[Start of section]
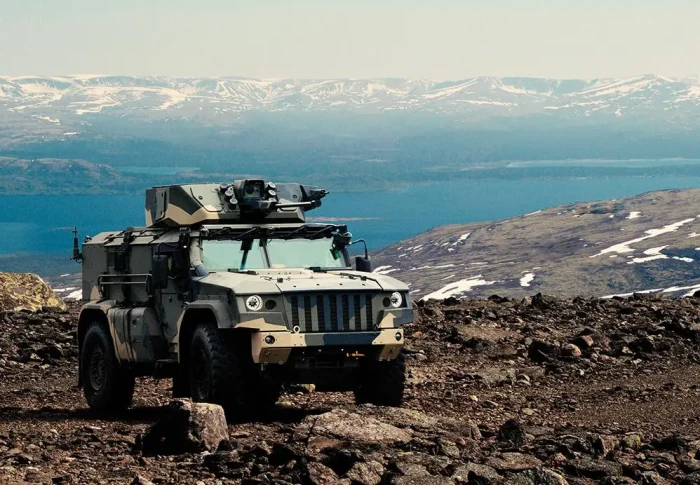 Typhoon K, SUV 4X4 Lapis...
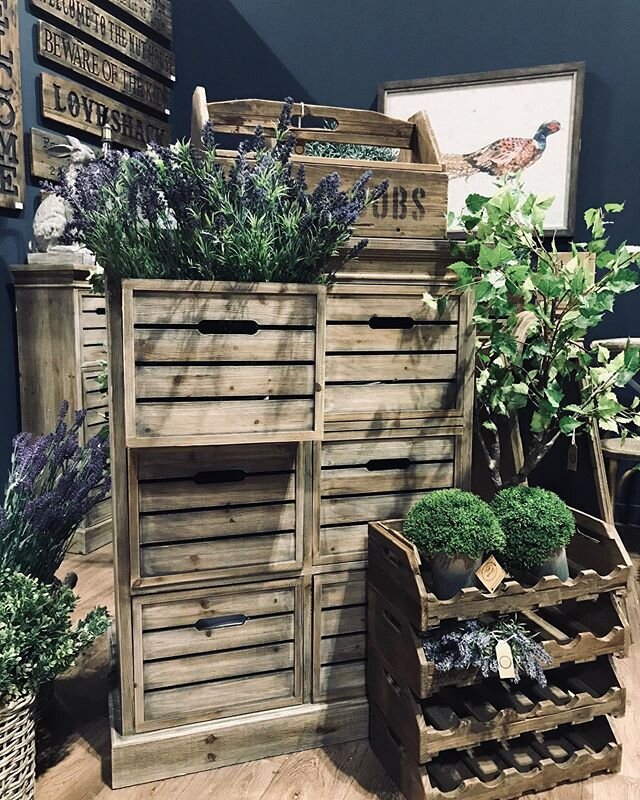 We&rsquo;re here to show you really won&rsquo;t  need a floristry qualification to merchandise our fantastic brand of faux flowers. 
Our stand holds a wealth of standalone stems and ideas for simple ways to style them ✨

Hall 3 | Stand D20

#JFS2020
[End of section]
Please write the material out again exactly as shown above, minus any pictures.

 Typhoon K, SUV 4X4 Lapis...
 We&rsquo;re here to show you really won&rsquo;t  need a floristry qualification to merchandise our fantastic brand of faux flowers. 
Our stand holds a wealth of standalone stems and ideas for simple ways to style them ✨

Hall 3 | Stand D20

#JFS2020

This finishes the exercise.